At Leading Picture Theaters

Programs for the week of June 10 at New York’s best motion picture houses.

“On Trial” at the Rialto.

On Trial, Elmer L. Reisenstein’s [Elmer Rice] notably successful play, was given its first presentation in photoplay form at the Rialto the week of June 10. The production was made by the Essanay Company with a cast which includes Barbara Castleton, Sidney Ainsworth, James Young and Little Mary McAlister. The film has the distinction of being the first one purchased by the recently organized First National Exhibitors’ Circuit. On Trial makes a particularly powerful picture because of the photoplay methods used in developing the original stage version.

Glimpses of the ever fascinating geishas of Japan formed part of The Land of the Rising Sun, the added attraction. Beautiful effects of architecture and illumination were found in the second installment of “The Thirteenth Labor of Hercules,” the official pictures of the Panama-Pacific Exposition. Greek Evans and Gaston Dubois were the soloists.

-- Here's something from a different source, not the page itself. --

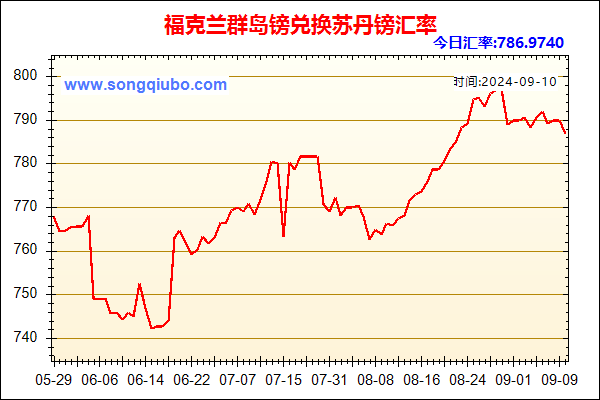 福克兰群岛镑兑人民币汇率走势图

“Her Strange Wedding” at the Strand.

The Strand Theater presented Fannie Ward in Her Strange Wedding, adapted by Charles Maigne from George Middleton’s popular story. The supporting cast included Jack Dean, Tom Forman and Billy Elmer. Another interesting film feature was Gold That Glitters, one of O. Henry’s most famous stories, in which Mildred Manning appeared in the leading role. Victor Moore was seen in his latest comedy. There were also scenic and educational studies and the latest American and European news pictures. Louise Patterson, Mary Qentay and Walter Vaughn were the soloists.

“The Bar Sinister” at the Broadway.

The Edgar Lewis production, The Bar Sinister, is in its third week at the Broadway.

Bill at the Eighty-first Street Theater.

At the Eighty-first Street Theater a new series of pictures were shown. Monday, Tuesday and Wednesday, Dorothy Dalton in Wild Winship’s Widow and Billie Leslie in a Triangle comedy, His Marriage Failure, were the picture features. On Thursday, Friday, Saturday and Sunday Charles Ray in The Millionaire Vagrant and the Keystone funmakers in A Royal Rogue were on the program.

Red Men Invade Wharton Reservation.

Fifty Indians from the Onondaga reservation have arrived in Ithaca, N. Y., to take their places before the camera and their place in the films. But they came without their war paint and their feathers, for they are to do something beside just “act natural.” The Indians are to appear as the inhabitants of a cannibal village, which is a part of one of the comedies which the Whartons [Leopold Wharton | Theodore Wharton] now are producing. They are under the command and guidance of Chief Isaacs.